*What the exercise asks*: Leave out the pictures and retype exactly the lines from the one with "Rented by Voro New York" through the end of the records.

*The data*:
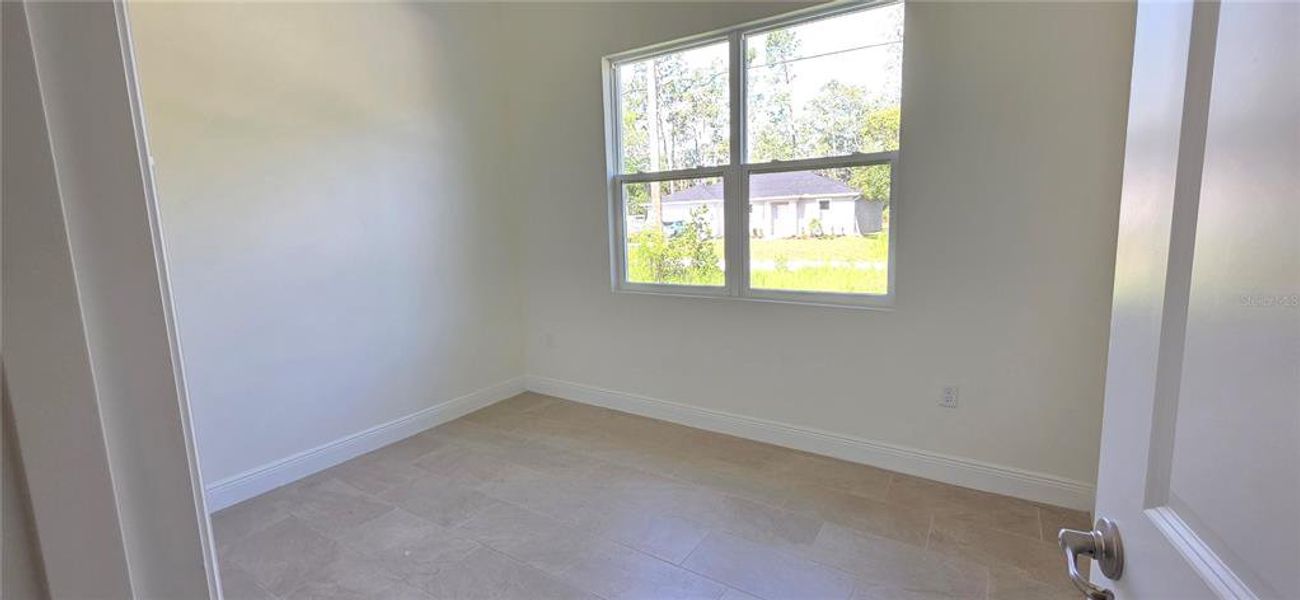 Spacious, unfurnished interior of a new home in , Deland (Image 31). Spacious, unfurnished interior of a new home in , Deland (Image 31).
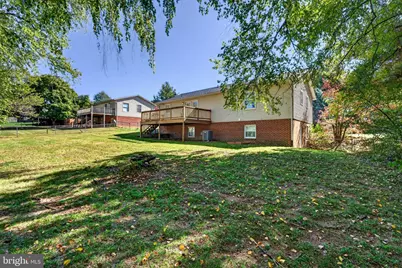 1199 Portland Drive, Harrisonburg, VA 22801 - Photo 41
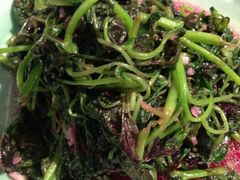 android_upload_pic-中国徽菜·徽商故里(广安门店)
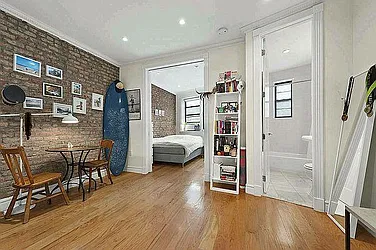 Rented by Voro New York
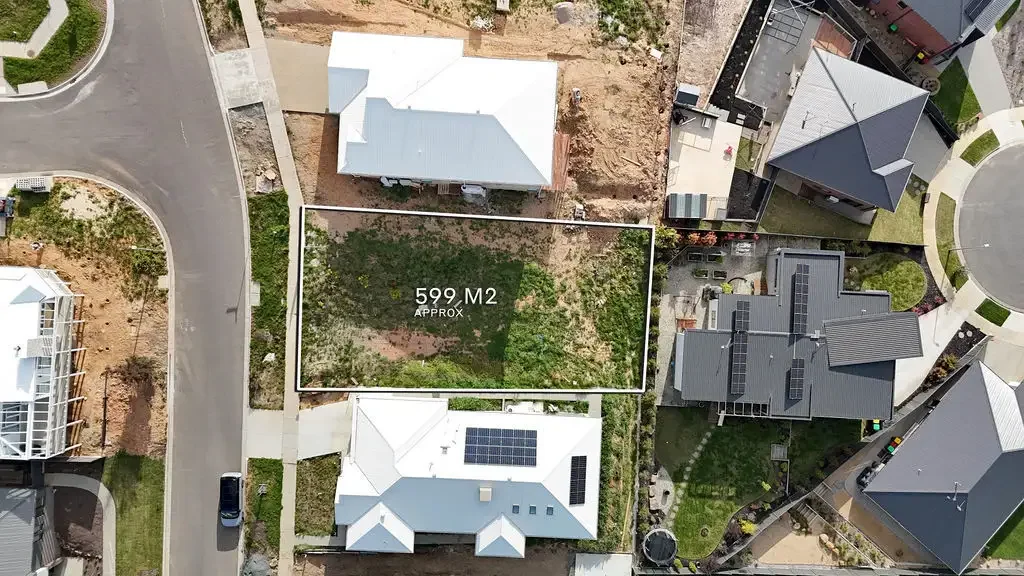 8 Galibier Road, Brown Hill, VIC 3350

*Solution for this task*:
 Rented by Voro New York
 8 Galibier Road, Brown Hill, VIC 3350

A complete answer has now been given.